We are seeking a highly skilled Site Reliability Engineer (SRE) with a strong background in maintaining self-hosted Kubernetes clusters, where your primary focus will be on ensuring the stability and reliability of our production environment. Ensuring a smooth running infrastructure supports the work of our AI researchers as it provides them a steady and dependable platform.
Job Description
- Work closely with AI researchers to understand their workflow and infrastructure needs, optimizing the cluster configurations accordingly.
- Implement monitoring, alerting, and self-healing systems to ensure high availability and performance of the clusters.
- Collaborate with development teams to design and implement best practices for infrastructure as code (IaC).

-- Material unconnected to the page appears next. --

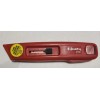 Allway (2) Allway Tools ARK 55010 Box Cutter Self Retracting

- Drive automation initiatives to reduce manual toil and improve system resilience and scalability.
- Document system design and procedures, provide guidance for researchers on our cluster advance usage.
Job Requirements
- Bachelor's degree or higher in Computer Science, Engineering, or related fields.
- Proven experience in managing self-hosted Kubernetes clusters in a production environment.
- Strong understanding of containerization, orchestration, and the Kubernetes ecosystem.
- Familiarity with AI workflows, machine learning/deep learning research background is a plus.
- Proficiency in at least one programming language (e.g., Python, Go) and scripting skills for automation.
- Good working attitude, problem-solving, critical thinking, and communication skills.